Gli assistenti sociali, in conseguenza della già accennata carenza nel processo di costruzione delle conoscenze, hanno lavorato ma non hanno potuto studiare il “campo” dentro il quale si costruiscono le loro pratiche professionali pagando il grave scotto di perdita di significato sociale della loro azione quotidiana che emerge attraverso gli stereotipi negativi che circondano la figura dell’assistente sociale. Secondo Bourdieu (Bourdieu 2002; Emirbayer and Williams 2005; Fram 2004), nell’atto di erogazione di un contributo per minimo vitale o di un intervento di assistenza domiciliare piuttosto che nel corso di un’indagine per trascuratezza genitoriale si costituisce un campo di forze che definiscono i profitti di ciascun attore, economici e simbolici. Per il servizio sociale italiano questo fenomeno risulta “opaco” nel senso che rimane a livello intuitivo della singola sensibilità professionale, ma lo studio non è stato sistematizzato nel corso di questo trentennio. Sono infatti trascorsi trenta anni dal Decreto Presidente della Repubblica 24 luglio 1977, titolo III, che attribuiva ai comuni le competenze in materia di beneficenza e assistenza, legge che possiamo individuare come momento della nascita del servizio sociale quale attore sulla scena sociale locale, come co-costruttore di processi di identità e sociali di inclusione o esclusione. Da allora le competenze attribuite al servizio sociale sono state molteplici ma si sono innestate su una rappresentazione priva di un’idea prospettica della relazione che si è andata instaurando tra le diverse parti del sistema stesso: agenzia formativa, organizzazione dei servizi, comunità professionale. Per dirla in altri termini siamo rimasti impigliati in una visione di beneficenza e di assistenza senza studiare lo sfondo all’interno del quale i processi di vulnerabilità si andavano realizzando e che costituiscono almeno in grande parte l’oggetto della professione.

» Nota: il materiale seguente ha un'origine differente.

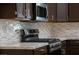 Close-up of the kitchen featuring stainless steel gas range, microwave, tile backsplash, and granite countertops at 904 Swift Bear St, Henderson, NV 89002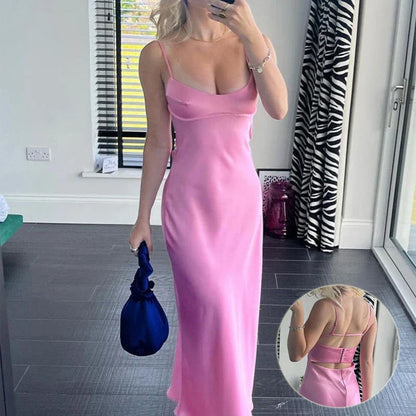 Elegant satin slip dress in pink with a square neckline, sleeveless design, and backless detail
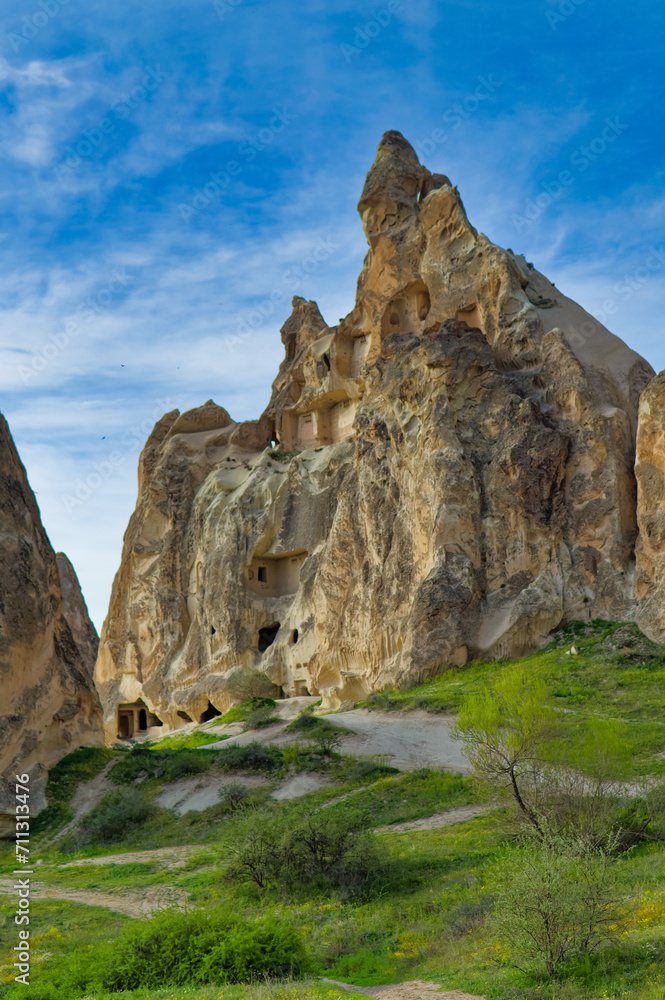 Typical Cappadocia landscape soft volcanic rock, shaped by erosion in Goreme, Turkey.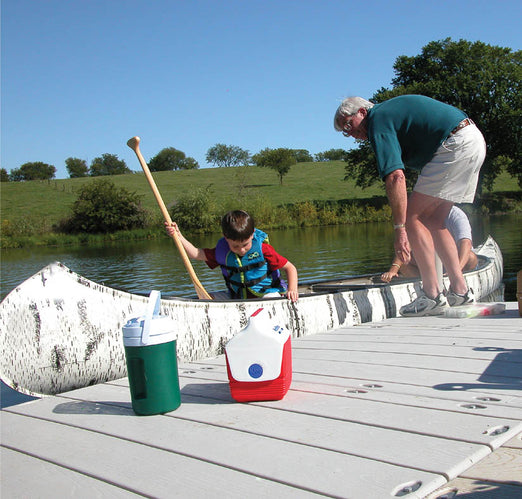 family docking their boat at the Connect-A-Dock Straight Shape High-Profile Docks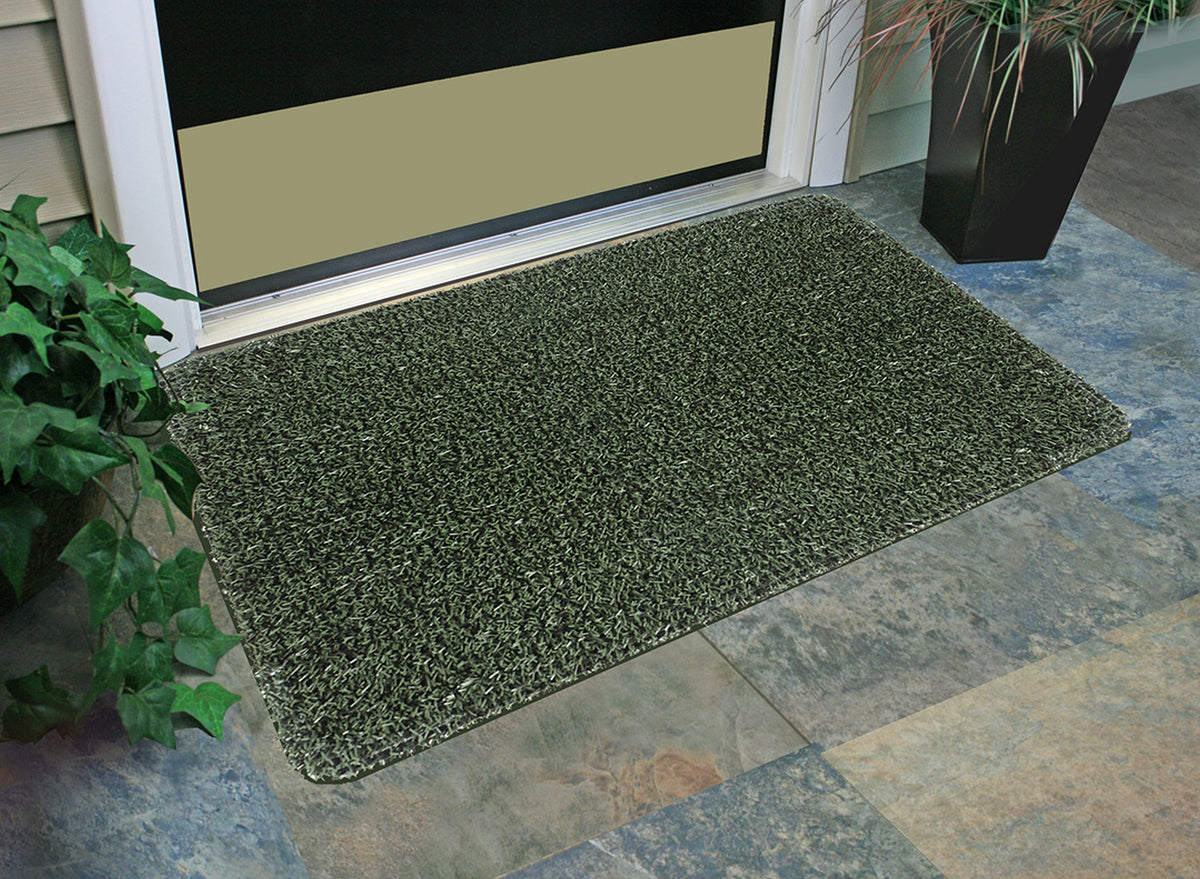 CLEAN MACHINE mat with grass-like blades scrapes shoes and traps dust beneath the surface.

L’esiguità delle risorse economiche e la prepotenza con cui si manifestano certi fenomeni di marginalità sociale stanno bussando alla porta dei servizi e della professione, chiedendo uno sforzo conoscitivo e creativo capace di dare consistenza e competenza al tessuto sociale e alle relazioni che lo compongono.

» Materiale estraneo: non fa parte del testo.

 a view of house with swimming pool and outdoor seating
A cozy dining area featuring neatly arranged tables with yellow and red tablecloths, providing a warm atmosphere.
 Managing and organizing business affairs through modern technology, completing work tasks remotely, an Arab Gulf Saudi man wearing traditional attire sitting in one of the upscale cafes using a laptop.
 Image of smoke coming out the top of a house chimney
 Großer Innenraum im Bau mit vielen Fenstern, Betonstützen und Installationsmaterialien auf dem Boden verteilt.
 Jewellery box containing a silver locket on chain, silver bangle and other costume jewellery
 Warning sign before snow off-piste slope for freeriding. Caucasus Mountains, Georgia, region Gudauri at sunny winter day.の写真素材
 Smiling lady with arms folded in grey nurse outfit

La dinamicità e la fluidità del contesto sociale difficilmente si possono connettere alla burocrazia, ai lunghi tempi di attesa caratterizzanti l’organizzazione dei servizi. Lo scarto temporale tra l’immediatezza della richiesta e il tempo lungo necessario allo svolgimento delle procedure, la diversa definizione del problema contribuiscono significativamente alla perdita di significato attribuito al rapporto tra servizi e cittadino congiuntamente al dispendio di risorse umane e relazionali quali quelle messe a disposizione dagli assistenti sociali e certamente dei cittadini. Edgard Morin (1993) nella sua “Introduzione al pensiero complesso” esamina come l’azione sfugga all’intenzione dell’individuo che la mette in atto perché entra in un universo di interazioni e alla fine è l’ambiente circostante a impadronirsene in un senso che può diventare contrario all’intenzione iniziale. Gli assistenti sociali conoscono bene questo meccanismo quando avviano un contributo a minimo vitale che molto spesso risulta essere l’inizio di una carriera di lunga assistenza. Non è infatti possibile interagire con situazioni complesse secondo una logica lineare senza avere indietro effetti perversi.

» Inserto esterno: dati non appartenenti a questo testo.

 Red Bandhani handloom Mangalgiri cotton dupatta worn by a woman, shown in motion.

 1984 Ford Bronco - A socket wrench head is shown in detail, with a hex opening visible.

Un’altra considerazione sempre riferita al rapporto tra mondo universitario e mondo professionale pone al centro il tirocinio che, come afferma Gui (2005), costituisce la zona di intreccio tra questi due mondi che sviluppano la loro influenza e azione nel sistema dei servizi. Questa interessante osservazione necessita di approfondimenti per l’individuazione di un metodo che si presti più di altri a favorire lo sviluppo del percorso individuato. È ormai maturo il momento nel quale questo tanto invocato rapporto tra università, servizio sociale professionale e sistema organizzato dei servizi può implementare le relazioni con contenuti riconoscibili e significativi per la professione. Il cosiddetto processo di teoria – pratica – teoria può uscire dalla generalizzazione da cui è stato affetto fino ad oggi per l’impossibilità di avviare ricerche che restituissero agli assistenti sociali il significato sociale della loro attività professionale al di là del senso attribuito individualmente.

A questo proposito mi pare importante presentare i risultati di una piccola ricerca svolta appunto per una tesi e di un laboratorio d’ingresso che viene organizzato per gli studenti del primo anno del corso di laurea in servizio sociale presso l’Università degli Studi di Firenze riguardante le motivazioni al lavoro sociale e l’importanza della formazione per il curriculum professionale. Ebbene non solo gli studenti del primo anno attribuiscono maggior importanza alla propria disposizione nei confronti degli “altri” sofferenti e umili, rispetto allo studio ma anche gli assistenti sociali in servizio da più di cinque anni definiscono più importante l’apprendimento delle pratiche piuttosto che dalle pratiche, mostrando di percepire la professione prevalentemente come un mestiere, dove l’elemento essenziale si concretizza nell’addestramento a pratiche ormai definitivamente prodotte, piuttosto che nella ricerca di pratiche contestualizzate (tesi Simona Romoli “Motivazione al lavoro sociale: una ricerca tra studenti e assistenti sociali nell’ottica dell’Ombra secondo C. G. Jung –Università degli Studi di Firenze Corso di laurea in servizio sociale Gennaio 2003).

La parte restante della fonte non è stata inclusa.